Sensible footwear and safe walking help avoid injury, says orthopaedic foot and ankle MD
ROSEMONT, Ill., Jan. 13, 2014 /PRNewswire-USNewswire/ -- With much of the country in the grip of a record-breaking winter, the risk of falls is very real. Snowy and icy conditions increase the number of sprains and fractures from falls, but there are things you can do to stay steady and upright when navigating winter sidewalks.
"It's important that you arrive at your destination safely when walking in winter," says Paul Peters, MD, an orthopaedic foot and ankle specialist in Dayton, Ohio. "Proper footwear and awareness of where you're stepping will help you avoid falls and injury."
Peters and other members of the American Orthopaedic Foot & Ankle Society offer these key tips for avoiding falls, including:
- Wear footwear that provides traction. Soles should be made of a non-slip material such as rubber and offer grooves that will grip walking surfaces. Avoid wearing footwear with smooth soles or heels, as these will slide easily on slick sidewalks or pavement.

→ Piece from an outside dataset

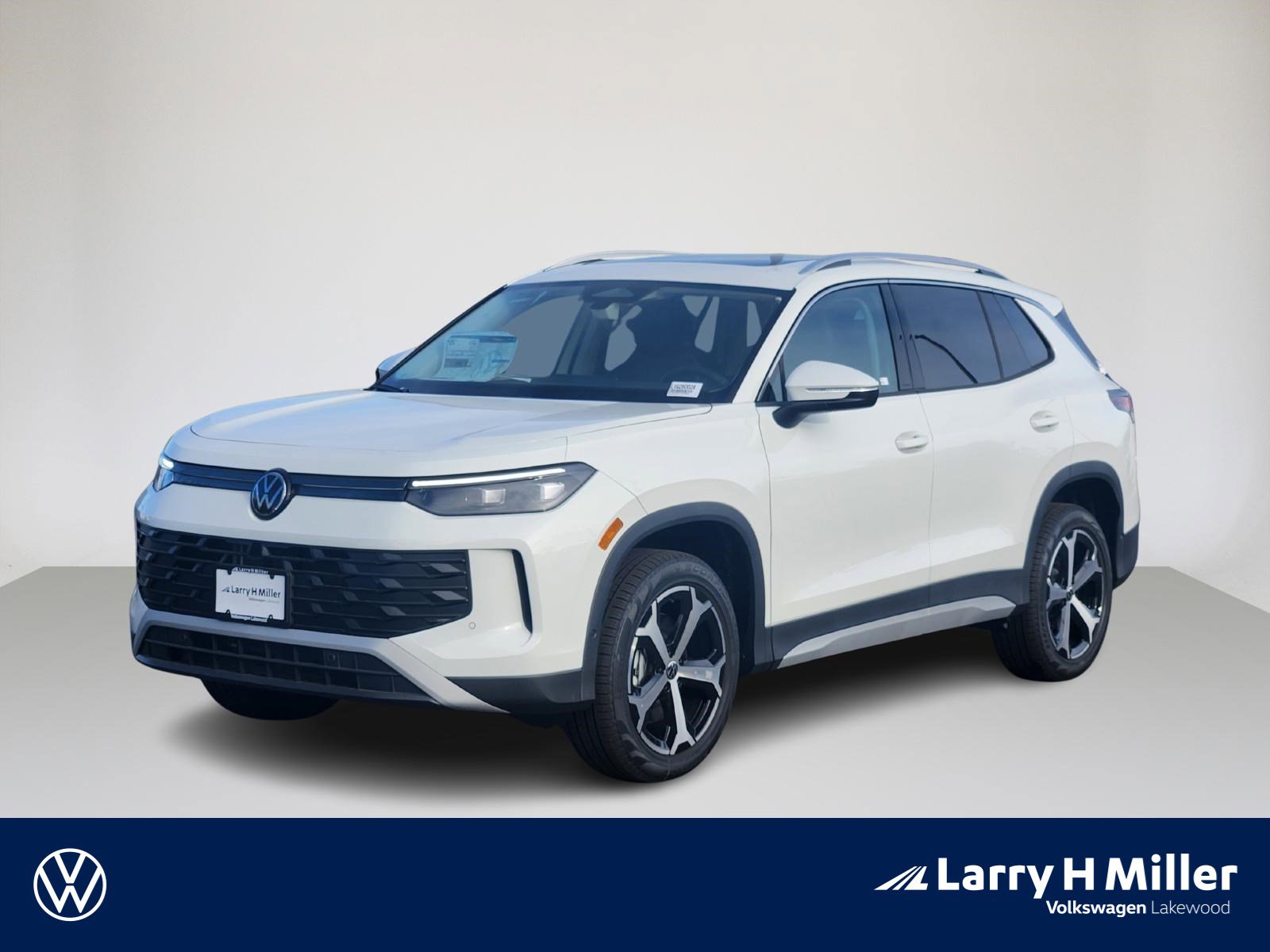 2026 Volkswagen Tiguan SE's photo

And don't assume that athletic shoes, with their grooved soles, will keep you safe on icy streets. Cold-weather boots are your best bet.

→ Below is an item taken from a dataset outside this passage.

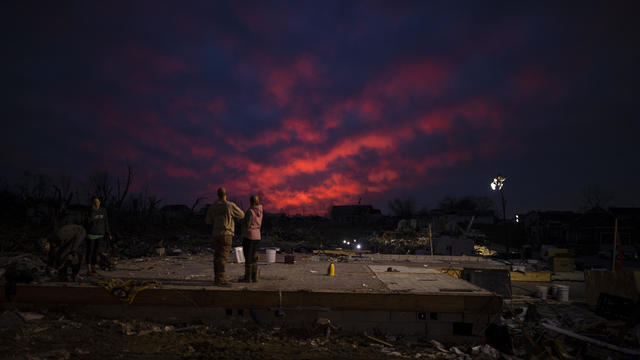 22 Dead As Tornadoes Roar Across Tennessee, Including Nashville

- When out walking, watch for obvious patches of ice as well as "black ice," an icy glaze that forms when moisture freezes. Black ice is particularly dangerous because you can be fooled into thinking it's just a wet spot on the sidewalk. If you encounter a patch of ice or suspected black ice, step into snow or grass to gain traction and walk around that area.
- Take your time! Be sure to give yourself extra time to get where you are going so that you do not have to rush. Adjust your pace and gait when walking in icy areas. Walk with shorter steps and bend your knees slightly so you can more easily maintain your balance. You should feel like you're shuffling rather than taking normal strides.

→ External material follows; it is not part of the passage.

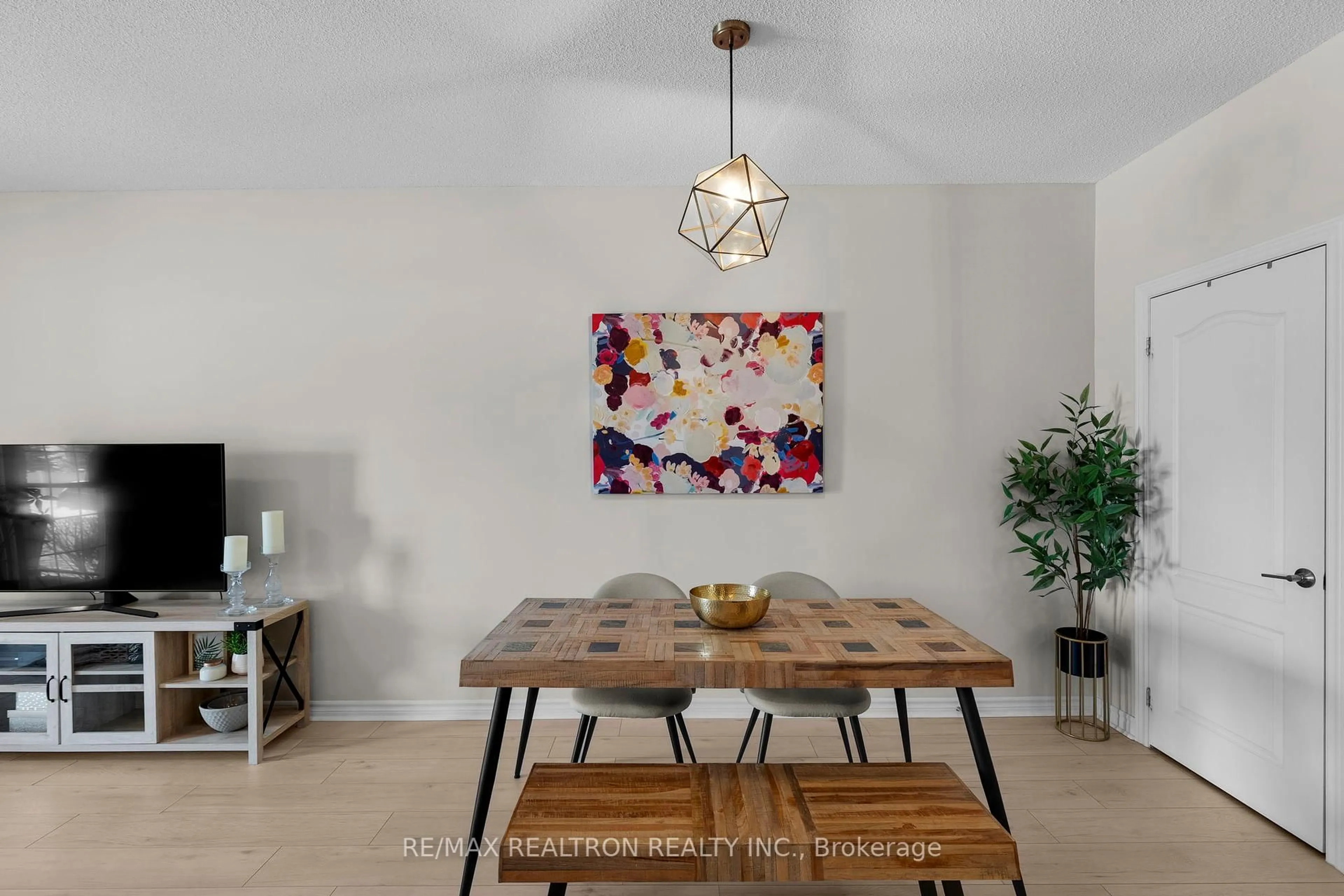 Dining room, unknown for 45 Ferndale Dr #107, Barrie Ontario L4N 5W7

In addition, wear heavy socks to add insulation in your cold-weather boots. Change your socks if they become wet and you must remain outdoors. Wet socks and dangerously low temperatures do not mix.
Sometimes slips are unavoidable even when you wear the right footwear and walk slowly. If you fall and hurt a foot or ankle, assess the injury as quickly as possible. See an orthopaedic foot and ankle MD if you notice any of the following:
- Pain that persists for more than 72 hours
- Swelling of one leg or foot that persists for more than 24 hours
- Pain that increases with exercise or walking
- Pain at rest or with elevation of the legs
- Loss of sensation
"When you have an injury, being evaluated and treated early can help lessen the pain and speed your recovery," says Peters. "Proper treatment of a sprain or fracture can also help avoid long-term problems such as chronic pain and instability."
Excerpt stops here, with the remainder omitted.